(Beginning of Records for processing)

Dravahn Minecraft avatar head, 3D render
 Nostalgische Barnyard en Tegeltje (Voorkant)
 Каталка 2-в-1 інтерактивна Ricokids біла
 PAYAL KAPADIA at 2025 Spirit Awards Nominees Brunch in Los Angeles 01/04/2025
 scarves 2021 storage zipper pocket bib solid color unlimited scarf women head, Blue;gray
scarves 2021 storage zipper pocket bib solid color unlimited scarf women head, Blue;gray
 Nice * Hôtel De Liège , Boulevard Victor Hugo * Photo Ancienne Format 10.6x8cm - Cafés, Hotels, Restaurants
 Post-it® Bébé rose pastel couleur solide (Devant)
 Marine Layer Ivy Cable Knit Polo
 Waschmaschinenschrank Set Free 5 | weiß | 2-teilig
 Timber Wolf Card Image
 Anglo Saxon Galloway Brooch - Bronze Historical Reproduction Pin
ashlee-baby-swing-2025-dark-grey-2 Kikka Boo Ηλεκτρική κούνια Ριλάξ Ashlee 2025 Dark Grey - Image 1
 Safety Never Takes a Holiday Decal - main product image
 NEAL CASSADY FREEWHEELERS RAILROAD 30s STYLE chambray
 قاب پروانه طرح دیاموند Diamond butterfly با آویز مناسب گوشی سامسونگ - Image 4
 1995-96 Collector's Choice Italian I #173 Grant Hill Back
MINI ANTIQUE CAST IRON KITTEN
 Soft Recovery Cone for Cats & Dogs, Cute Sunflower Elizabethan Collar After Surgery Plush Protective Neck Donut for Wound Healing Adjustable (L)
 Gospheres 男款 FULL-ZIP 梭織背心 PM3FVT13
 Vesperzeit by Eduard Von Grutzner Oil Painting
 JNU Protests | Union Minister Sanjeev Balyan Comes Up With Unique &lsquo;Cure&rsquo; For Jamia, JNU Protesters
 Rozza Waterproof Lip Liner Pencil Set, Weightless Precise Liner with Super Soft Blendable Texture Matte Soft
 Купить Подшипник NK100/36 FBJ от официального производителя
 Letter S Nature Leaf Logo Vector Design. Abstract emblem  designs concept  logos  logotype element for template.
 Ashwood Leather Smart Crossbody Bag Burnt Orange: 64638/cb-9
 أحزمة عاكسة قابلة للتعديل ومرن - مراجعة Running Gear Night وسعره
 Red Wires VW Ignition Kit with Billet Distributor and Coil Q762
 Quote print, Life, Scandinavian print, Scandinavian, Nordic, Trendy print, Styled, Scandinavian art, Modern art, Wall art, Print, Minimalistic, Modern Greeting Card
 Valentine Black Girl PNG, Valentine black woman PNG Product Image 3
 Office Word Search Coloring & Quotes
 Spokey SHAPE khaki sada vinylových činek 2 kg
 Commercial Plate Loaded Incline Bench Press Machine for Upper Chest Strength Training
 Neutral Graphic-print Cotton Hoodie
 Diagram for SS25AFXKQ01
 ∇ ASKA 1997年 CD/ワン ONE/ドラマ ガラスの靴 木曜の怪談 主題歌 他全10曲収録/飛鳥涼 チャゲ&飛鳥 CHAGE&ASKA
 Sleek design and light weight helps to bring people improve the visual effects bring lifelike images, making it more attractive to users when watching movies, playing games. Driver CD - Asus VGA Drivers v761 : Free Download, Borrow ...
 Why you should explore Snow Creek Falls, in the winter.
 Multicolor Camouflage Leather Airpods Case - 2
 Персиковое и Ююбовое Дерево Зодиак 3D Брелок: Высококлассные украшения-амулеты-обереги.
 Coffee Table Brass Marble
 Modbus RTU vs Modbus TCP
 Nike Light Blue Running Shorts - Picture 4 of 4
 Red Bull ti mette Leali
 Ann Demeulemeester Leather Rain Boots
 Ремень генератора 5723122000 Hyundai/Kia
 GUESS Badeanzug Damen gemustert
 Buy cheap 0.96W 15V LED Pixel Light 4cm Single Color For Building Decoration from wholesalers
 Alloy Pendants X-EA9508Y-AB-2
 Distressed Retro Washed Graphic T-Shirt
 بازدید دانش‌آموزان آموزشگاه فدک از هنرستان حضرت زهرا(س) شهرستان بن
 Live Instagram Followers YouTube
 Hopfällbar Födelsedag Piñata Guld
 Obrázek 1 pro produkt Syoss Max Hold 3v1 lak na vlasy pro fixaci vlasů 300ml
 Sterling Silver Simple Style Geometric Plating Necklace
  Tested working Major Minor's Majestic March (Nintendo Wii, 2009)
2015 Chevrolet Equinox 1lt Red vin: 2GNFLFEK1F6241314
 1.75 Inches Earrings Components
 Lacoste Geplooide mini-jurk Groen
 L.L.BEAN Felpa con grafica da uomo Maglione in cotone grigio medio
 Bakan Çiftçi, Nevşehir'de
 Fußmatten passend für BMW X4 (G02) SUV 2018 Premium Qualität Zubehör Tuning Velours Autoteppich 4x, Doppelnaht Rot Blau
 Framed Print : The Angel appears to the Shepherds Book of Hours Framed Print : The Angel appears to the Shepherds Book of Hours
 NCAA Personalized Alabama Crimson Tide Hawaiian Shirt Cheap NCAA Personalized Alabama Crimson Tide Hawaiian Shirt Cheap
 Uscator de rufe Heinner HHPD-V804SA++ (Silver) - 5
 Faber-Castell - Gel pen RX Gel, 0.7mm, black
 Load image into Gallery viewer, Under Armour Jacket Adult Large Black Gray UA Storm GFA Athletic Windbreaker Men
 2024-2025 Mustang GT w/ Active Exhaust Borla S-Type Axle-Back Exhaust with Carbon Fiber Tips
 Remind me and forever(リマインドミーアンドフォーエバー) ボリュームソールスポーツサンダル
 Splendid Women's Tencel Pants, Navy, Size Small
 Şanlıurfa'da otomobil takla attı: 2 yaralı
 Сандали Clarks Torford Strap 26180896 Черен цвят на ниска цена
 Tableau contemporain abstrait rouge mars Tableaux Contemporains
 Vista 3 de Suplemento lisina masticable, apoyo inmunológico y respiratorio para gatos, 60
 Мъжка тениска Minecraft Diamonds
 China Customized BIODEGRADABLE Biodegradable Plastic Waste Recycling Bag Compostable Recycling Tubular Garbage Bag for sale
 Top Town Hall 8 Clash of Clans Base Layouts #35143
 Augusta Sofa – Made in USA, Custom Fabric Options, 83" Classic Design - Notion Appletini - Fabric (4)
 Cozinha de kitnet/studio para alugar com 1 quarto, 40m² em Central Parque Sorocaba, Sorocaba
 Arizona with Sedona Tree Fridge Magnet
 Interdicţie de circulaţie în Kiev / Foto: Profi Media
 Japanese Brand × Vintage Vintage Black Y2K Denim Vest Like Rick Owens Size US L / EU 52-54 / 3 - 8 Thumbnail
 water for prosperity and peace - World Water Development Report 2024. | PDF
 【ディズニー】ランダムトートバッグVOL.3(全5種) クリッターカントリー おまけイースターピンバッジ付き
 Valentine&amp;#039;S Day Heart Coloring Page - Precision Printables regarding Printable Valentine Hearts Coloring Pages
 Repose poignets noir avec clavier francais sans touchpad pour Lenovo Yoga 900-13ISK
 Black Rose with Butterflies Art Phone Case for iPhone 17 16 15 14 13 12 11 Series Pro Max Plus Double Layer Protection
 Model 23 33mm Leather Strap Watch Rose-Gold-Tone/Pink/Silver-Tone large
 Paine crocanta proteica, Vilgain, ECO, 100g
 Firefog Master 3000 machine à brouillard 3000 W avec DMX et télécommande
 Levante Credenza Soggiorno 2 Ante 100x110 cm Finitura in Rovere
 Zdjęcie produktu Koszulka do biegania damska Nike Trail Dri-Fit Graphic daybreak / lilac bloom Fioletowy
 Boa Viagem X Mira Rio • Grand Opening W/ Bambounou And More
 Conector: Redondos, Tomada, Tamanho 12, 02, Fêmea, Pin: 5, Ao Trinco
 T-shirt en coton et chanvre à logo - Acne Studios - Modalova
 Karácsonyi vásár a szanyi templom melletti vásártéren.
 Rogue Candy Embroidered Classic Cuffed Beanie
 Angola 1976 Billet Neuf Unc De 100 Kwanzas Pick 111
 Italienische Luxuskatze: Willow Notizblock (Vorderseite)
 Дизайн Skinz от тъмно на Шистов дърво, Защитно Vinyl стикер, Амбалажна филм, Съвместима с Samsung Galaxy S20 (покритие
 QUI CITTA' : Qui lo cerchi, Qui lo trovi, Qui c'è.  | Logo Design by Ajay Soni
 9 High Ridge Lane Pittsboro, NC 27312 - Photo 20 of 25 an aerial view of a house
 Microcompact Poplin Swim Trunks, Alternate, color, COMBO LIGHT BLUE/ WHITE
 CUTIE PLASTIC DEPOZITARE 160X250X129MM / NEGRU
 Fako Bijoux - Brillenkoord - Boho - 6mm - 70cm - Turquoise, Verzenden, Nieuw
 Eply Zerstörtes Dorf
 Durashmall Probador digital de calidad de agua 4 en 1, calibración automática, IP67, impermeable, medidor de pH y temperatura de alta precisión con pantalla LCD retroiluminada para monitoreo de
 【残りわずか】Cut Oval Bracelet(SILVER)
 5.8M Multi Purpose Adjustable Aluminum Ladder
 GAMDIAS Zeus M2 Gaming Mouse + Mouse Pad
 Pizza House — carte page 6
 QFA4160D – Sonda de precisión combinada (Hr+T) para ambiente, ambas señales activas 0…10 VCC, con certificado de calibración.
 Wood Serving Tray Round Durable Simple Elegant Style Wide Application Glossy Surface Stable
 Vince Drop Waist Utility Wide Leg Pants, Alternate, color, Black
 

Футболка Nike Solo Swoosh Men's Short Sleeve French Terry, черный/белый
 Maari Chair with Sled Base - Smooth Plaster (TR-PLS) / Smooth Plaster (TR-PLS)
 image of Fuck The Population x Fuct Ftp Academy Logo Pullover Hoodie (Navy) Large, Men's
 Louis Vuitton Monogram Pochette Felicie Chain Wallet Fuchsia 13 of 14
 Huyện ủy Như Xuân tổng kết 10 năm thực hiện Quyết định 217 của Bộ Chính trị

(End of Records for processing)

* About this task: From the records above, pull every line that carries the word "Strap".

* Output of the task:
 Сандали Clarks Torford Strap 26180896 Черен цвят на ниска цена
 Model 23 33mm Leather Strap Watch Rose-Gold-Tone/Pink/Silver-Tone large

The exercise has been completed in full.